Construction and Application of Data Standard in Big Data
Construction and Application of Data Standard in Big Data Environment
1st Author
Haitian Jia /s per 1st
Suzhou Institute of Trade & Commerce
Suzhou 215009, China
Email: 11804709@qq.com;
2nd Author
Chun Jia /s per 2nd
Yellow River Conservancy Technical Institute
Kaifeng 475004,China
Email: smy1161666@163.com;
From 2019 International Conference on Big Data Engineering
ABSTRACT
School informatization Construction has gone through 10 years, Multiple systems operate independently. Meanwhile, the role of unstructured data resources about security monitoring, smart card system, online course resources has become more and more important in the construction of intelligent campus. According to the present condition of the school, this paper give a data model for the information construction of colleges and universities. Solving the System Fusion put to use Hadoop distributed system Architecture between structured data and unstructured data, Providing basis for data analysis and decision-making. Big data will become the evolutive direction of Intelligent Campus in the next few years, It will promote the construction of school informatization about Construction and implementation.
Keywords
Hadoop; Unstructure data ; Data Standard; Spark
1. INTRODUCTION
The construction of big data in the construction of intelligent campus has become an important development direction. Data governance in order to discover the value of data has become a concern of all parties. This paper builds a model based on Hadoop and its ecosystem, and proposes the idea of Hadoop based distributed system infrastructure. The solution mainly involves data extraction and cleaning, Hadoop data storage and analysis, data standard construction and intelligent analysis and visualization. Big data construction will play a key role in the construction of smart campus. All implementation tools in this article are done using open source technology.

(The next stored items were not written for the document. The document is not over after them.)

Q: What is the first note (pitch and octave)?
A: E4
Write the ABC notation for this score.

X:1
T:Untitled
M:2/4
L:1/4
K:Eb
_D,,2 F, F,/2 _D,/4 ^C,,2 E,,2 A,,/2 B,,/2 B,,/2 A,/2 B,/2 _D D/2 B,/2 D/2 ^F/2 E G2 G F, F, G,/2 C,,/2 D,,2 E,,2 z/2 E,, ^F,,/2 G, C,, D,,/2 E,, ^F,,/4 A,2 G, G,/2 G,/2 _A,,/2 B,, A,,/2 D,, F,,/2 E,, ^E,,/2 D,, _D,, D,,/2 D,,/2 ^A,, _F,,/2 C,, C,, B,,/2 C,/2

2. THE CONSTRUCTION OF THE INTELLIGENT CAMPUS IN THE BIG DATA ENVIRONMENT
In the process of building intelligent campus, the data extraction and cleaning is mainly done by kettle or sqoop. The data warehouse adopts Hive and Hbase, data standard to construct Mysql database according to the Education Information Ministry Standard. Through Davinci to complete intelligent analysis and visual display. The composition of each part can be known from fig.1.
fig. 1 Intelligent Campus Model of big data Environment
2.1 Data extraction and cleaning
In the process of building intelligent campus, the data extraction mainly realizes the data collection of the existing system data. The collection tool is completed by the Kettle tool, and the collected data is entered into the original database. The original database data including structured database Mysql and unstructured database Hive and Hbase. Hive and Hbase are all based on HDFS distributed file system which can connect unstructured data. The original database includes data from various structured data applications and unstructured applications (online behavior and attendance video).

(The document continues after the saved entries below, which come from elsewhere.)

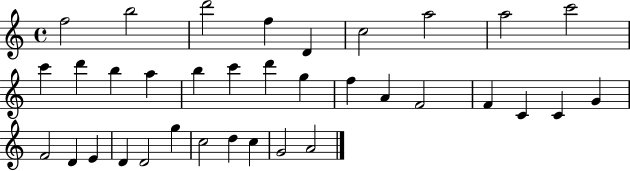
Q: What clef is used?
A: treble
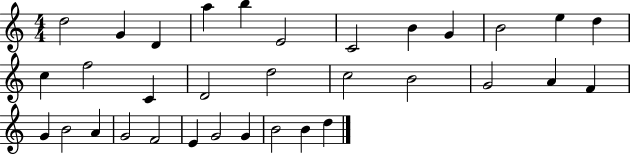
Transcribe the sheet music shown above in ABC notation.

X:1
T:Untitled
M:4/4
L:1/4
K:C
d2 G D a b E2 C2 B G B2 e d c f2 C D2 d2 c2 B2 G2 A F G B2 A G2 F2 E G2 G B2 B d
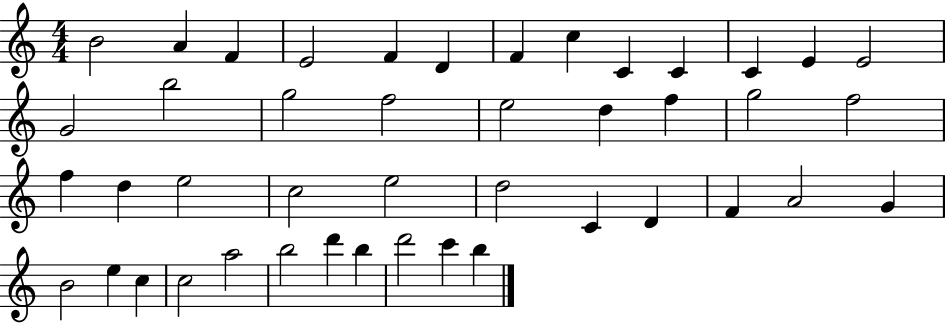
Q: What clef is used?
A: treble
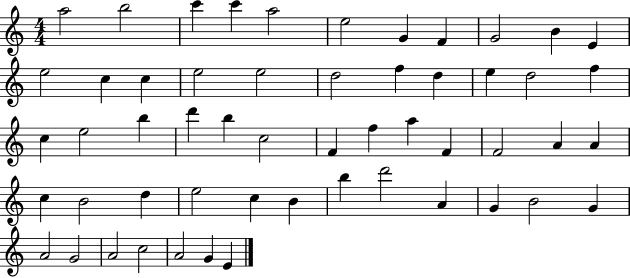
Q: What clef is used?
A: treble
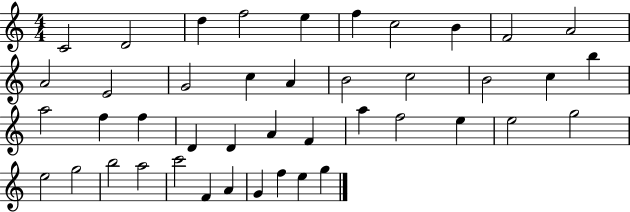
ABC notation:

X:1
T:Untitled
M:4/4
L:1/4
K:C
C2 D2 d f2 e f c2 B F2 A2 A2 E2 G2 c A B2 c2 B2 c b a2 f f D D A F a f2 e e2 g2 e2 g2 b2 a2 c'2 F A G f e g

After data collection, data cleaning is carried out according to the data elements defined in data standard. The cleaning work mainly includes (1) pre-processing stage (2) missing value cleaning (3) format content cleaning (4) logical error cleaning (5) non-requirement structure cleaning (6) relevance verification.
2.2 Data warehouse model construction
Hbase and Hive are in different positions in Hadoop architecture. Hbase mainly solves the problem of real-time data query, while Hive mainly solves data processing and computing problems. Hbase is a database based on Hadoop and is a kind of NoSQL database. Hive is a Hadoop data warehouse, which enables developers to compute and process structured data on HDFS via SQL, which is suitable for off-line bulk data calculation.

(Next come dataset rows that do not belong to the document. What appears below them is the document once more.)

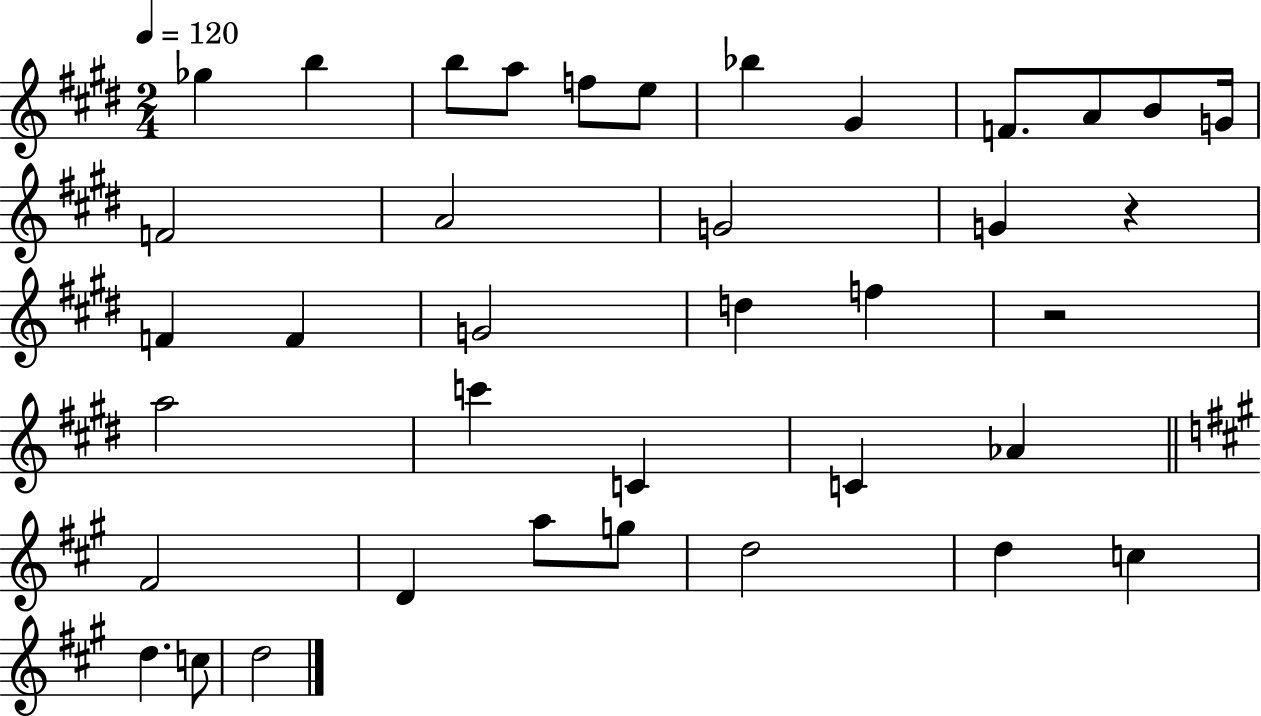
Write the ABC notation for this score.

X:1
T:Untitled
M:2/4
L:1/4
K:E
_g b b/2 a/2 f/2 e/2 _b ^G F/2 A/2 B/2 G/4 F2 A2 G2 G z F F G2 d f z2 a2 c' C C _A ^F2 D a/2 g/2 d2 d c d c/2 d2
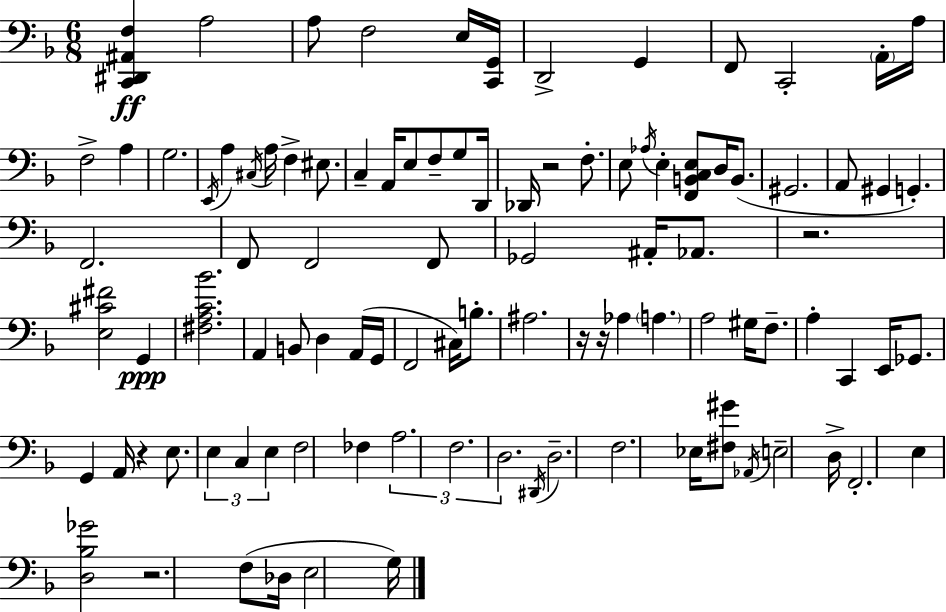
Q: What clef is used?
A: bass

(1) data warehouse establishment and use processes:
(2) using Kettle tools to extract data sources to HDFS storage;
(3) cleaning through Hive to process and calculate the original data;
(4) the result of Hive cleaning, the large data random query scene can be stored in Hbase;
(5) data application from Hbase query data;
2.3 data standard
As an important part of the data center, the main data standards have GB/T 36342 / 2018 <wisdom Campus overall Framework> ,
JY/T1001—2012<Educational management general codes>, JY/T1002—2012<Educational management general information>,
JY/T1003—2012<Educational administration information>,
JY/T 1004—2012<Primary and secondary school management information>.
JY/T 1005—2012< Management information for vocational schools>, JY/T 1006—2012<Higher education management information> , JY/T 1007—2012<Educational statistical information>,
These constitute the standards of educational information.
These data standards are organized, converted from documents to data structures to complete the definition of metadata. The metadata item definition gives the representation structure (data item) of the data element, and defines the metadata structure of the data element.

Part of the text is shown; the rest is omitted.